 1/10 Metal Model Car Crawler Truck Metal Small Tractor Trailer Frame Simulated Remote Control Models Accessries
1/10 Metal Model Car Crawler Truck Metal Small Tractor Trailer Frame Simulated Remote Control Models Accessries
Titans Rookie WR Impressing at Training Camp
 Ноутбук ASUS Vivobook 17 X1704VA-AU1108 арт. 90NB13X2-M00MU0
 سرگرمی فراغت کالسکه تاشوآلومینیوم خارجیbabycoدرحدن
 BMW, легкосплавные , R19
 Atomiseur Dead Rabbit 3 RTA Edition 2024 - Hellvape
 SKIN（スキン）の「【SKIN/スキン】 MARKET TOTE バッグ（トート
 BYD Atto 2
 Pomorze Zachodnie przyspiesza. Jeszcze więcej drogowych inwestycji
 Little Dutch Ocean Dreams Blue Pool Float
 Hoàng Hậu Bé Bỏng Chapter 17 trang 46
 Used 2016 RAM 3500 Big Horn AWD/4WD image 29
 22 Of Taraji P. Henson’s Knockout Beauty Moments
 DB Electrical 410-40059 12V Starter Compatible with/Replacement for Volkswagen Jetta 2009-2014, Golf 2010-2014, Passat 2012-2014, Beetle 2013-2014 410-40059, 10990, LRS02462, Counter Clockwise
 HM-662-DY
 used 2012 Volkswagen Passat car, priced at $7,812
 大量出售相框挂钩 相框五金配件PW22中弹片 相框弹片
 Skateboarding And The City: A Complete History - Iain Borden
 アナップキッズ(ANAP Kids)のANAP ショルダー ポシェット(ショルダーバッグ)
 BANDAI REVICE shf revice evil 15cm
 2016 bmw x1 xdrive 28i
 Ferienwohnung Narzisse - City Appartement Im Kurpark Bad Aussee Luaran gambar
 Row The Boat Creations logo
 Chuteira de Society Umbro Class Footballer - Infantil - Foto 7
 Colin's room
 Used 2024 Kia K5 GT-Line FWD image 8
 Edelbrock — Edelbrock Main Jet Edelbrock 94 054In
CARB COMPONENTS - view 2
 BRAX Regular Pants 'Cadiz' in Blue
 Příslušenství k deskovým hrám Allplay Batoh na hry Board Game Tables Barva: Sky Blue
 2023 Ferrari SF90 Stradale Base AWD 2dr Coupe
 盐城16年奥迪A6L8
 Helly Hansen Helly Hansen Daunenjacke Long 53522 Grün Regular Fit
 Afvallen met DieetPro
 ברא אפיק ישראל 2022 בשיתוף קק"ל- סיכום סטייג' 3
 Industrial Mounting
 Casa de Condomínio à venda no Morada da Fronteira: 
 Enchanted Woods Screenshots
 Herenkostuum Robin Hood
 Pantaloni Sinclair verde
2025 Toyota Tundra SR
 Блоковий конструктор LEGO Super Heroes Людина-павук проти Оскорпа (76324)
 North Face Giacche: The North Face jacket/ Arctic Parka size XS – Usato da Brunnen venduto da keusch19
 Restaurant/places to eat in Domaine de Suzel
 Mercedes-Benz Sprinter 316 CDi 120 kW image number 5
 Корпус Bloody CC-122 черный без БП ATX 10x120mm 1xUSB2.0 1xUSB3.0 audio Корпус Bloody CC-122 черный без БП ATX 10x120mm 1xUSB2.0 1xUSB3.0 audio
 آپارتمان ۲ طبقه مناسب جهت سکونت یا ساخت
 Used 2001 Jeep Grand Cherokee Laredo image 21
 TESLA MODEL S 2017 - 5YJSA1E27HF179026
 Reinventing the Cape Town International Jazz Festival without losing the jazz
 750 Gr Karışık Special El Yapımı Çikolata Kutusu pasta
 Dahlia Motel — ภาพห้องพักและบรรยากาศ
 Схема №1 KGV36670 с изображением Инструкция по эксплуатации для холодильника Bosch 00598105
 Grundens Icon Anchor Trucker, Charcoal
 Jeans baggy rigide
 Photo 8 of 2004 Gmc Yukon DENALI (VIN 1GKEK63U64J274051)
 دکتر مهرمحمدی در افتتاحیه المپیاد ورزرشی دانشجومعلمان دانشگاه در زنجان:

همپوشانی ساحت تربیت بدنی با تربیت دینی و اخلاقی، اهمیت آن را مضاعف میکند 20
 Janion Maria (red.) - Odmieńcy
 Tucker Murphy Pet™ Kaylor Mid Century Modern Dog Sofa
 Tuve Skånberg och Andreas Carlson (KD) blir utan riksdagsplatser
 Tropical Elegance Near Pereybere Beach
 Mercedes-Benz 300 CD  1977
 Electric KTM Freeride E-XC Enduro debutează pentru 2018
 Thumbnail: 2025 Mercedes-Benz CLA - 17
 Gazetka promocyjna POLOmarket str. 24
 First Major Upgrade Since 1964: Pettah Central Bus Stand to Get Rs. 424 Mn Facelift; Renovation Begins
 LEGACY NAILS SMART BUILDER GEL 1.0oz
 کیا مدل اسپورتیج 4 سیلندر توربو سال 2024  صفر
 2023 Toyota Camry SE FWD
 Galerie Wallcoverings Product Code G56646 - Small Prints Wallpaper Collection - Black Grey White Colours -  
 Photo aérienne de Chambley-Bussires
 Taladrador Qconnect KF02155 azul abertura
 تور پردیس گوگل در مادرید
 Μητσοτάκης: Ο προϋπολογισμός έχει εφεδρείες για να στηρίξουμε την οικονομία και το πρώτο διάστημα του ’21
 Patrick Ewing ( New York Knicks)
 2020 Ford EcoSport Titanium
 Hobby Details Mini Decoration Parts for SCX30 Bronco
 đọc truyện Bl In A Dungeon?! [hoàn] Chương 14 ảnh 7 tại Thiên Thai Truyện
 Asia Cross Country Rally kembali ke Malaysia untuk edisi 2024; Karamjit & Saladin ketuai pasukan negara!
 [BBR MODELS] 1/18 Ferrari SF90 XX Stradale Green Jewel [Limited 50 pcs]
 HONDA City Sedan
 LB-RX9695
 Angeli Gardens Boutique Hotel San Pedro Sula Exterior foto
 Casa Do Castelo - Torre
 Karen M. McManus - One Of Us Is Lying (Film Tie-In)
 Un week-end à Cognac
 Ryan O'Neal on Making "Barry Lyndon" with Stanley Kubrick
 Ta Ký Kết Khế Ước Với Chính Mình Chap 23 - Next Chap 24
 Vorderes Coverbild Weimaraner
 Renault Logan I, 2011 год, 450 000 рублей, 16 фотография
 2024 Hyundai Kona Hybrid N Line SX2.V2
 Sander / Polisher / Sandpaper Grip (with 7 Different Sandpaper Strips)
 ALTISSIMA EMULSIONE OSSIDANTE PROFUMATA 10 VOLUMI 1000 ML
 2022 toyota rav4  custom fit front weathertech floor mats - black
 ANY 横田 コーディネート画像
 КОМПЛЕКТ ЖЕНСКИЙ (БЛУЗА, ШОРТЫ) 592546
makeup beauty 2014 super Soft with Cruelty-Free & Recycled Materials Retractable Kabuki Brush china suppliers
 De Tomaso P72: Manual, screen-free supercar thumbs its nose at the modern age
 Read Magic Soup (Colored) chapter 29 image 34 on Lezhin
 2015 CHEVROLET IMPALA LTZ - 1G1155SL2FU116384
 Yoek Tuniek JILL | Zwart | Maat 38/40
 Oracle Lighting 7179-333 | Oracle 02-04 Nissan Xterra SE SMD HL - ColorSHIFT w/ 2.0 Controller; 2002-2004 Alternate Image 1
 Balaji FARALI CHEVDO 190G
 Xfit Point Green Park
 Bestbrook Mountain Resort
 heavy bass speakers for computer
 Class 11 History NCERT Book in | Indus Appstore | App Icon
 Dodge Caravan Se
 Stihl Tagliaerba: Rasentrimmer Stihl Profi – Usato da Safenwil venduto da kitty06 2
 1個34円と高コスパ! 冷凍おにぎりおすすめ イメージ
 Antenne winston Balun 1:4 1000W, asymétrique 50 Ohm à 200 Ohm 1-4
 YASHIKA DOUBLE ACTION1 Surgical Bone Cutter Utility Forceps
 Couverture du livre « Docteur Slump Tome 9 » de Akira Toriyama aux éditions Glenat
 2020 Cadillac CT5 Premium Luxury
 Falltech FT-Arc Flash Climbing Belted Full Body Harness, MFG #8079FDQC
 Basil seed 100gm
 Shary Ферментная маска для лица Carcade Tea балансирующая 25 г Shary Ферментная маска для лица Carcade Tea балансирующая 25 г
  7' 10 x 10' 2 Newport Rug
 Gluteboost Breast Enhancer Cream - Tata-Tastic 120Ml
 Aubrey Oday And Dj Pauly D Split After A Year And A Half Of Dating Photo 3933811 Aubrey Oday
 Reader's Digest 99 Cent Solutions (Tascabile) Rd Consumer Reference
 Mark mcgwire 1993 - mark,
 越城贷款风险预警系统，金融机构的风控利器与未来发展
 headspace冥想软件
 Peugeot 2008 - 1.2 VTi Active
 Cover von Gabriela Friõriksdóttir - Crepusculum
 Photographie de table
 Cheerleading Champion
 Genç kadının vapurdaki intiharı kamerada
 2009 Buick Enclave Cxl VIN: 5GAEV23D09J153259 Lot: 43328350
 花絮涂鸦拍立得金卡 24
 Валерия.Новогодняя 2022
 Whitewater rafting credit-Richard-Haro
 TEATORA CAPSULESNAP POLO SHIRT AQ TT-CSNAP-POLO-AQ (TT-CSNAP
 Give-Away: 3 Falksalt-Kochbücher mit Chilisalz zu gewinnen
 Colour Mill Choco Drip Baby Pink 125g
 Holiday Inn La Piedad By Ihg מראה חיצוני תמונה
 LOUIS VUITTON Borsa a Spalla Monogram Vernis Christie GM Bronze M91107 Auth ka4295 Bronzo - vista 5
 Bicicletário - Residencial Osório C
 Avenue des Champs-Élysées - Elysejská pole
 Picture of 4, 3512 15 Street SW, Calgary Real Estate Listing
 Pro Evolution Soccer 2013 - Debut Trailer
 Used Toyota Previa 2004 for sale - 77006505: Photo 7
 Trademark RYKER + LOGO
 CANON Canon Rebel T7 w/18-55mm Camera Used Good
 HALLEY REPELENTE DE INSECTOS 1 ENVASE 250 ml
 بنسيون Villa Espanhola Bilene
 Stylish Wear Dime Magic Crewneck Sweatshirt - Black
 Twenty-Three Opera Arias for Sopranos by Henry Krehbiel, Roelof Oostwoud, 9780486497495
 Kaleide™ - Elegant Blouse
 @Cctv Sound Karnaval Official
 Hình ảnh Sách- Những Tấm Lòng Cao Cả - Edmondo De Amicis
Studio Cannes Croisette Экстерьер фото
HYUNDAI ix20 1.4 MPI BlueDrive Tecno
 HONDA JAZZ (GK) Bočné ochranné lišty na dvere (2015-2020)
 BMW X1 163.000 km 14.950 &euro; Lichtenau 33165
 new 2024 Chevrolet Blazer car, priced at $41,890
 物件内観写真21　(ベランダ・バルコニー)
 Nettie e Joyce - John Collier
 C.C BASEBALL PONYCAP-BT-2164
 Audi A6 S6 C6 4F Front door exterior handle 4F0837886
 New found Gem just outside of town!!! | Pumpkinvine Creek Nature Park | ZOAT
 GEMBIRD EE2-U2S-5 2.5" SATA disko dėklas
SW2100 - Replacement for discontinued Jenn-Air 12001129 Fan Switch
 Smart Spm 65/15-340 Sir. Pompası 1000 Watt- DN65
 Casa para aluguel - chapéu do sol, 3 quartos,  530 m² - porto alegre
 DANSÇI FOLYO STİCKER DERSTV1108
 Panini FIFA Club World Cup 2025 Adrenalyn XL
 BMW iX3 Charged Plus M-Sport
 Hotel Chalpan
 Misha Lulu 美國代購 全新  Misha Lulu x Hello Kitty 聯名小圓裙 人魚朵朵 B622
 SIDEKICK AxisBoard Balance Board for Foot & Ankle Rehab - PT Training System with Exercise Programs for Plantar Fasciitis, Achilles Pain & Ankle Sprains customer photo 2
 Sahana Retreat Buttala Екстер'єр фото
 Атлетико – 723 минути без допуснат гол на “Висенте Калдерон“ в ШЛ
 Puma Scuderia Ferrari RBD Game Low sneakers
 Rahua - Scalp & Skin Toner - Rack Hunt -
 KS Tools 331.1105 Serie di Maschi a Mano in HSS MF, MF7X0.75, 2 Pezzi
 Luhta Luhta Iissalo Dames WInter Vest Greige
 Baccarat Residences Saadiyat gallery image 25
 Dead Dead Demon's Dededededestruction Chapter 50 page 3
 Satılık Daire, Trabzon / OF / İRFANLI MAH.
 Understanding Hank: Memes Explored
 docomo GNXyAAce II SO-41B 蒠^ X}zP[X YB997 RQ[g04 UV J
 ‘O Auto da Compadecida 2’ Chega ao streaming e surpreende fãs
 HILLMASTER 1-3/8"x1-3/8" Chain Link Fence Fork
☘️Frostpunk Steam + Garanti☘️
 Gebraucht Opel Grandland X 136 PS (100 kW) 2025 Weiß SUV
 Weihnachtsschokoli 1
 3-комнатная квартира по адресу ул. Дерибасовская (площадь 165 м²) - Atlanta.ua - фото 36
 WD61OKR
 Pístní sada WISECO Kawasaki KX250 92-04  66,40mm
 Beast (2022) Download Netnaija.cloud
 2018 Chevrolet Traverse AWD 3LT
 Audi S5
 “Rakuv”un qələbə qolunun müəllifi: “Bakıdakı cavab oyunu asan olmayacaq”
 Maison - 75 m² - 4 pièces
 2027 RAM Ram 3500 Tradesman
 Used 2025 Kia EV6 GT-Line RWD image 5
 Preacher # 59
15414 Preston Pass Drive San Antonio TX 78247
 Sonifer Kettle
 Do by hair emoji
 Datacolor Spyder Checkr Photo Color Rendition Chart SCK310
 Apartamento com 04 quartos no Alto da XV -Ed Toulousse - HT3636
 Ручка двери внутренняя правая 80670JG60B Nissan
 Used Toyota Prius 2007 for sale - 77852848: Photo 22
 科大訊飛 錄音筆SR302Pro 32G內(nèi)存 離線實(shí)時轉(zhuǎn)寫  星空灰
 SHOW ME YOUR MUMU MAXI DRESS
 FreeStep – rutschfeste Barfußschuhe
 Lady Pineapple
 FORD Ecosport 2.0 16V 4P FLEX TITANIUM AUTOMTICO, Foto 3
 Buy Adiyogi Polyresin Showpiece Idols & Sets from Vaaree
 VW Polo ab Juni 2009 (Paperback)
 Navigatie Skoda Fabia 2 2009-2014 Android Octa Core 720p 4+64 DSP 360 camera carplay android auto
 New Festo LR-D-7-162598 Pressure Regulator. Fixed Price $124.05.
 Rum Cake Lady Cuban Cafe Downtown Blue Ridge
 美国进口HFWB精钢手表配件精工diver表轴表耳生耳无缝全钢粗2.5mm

Instructions to follow:
Your answer should consist solely of the lines above from the line with "Casa de Condomínio" to the line with "Used 2001 Jeep", both included, reproduced exactly.

Result below:
 Casa de Condomínio à venda no Morada da Fronteira: 
 Enchanted Woods Screenshots
 Herenkostuum Robin Hood
 Pantaloni Sinclair verde
2025 Toyota Tundra SR
 Блоковий конструктор LEGO Super Heroes Людина-павук проти Оскорпа (76324)
 North Face Giacche: The North Face jacket/ Arctic Parka size XS – Usato da Brunnen venduto da keusch19
 Restaurant/places to eat in Domaine de Suzel
 Mercedes-Benz Sprinter 316 CDi 120 kW image number 5
 Корпус Bloody CC-122 черный без БП ATX 10x120mm 1xUSB2.0 1xUSB3.0 audio Корпус Bloody CC-122 черный без БП ATX 10x120mm 1xUSB2.0 1xUSB3.0 audio
 آپارتمان ۲ طبقه مناسب جهت سکونت یا ساخت
 Used 2001 Jeep Grand Cherokee Laredo image 21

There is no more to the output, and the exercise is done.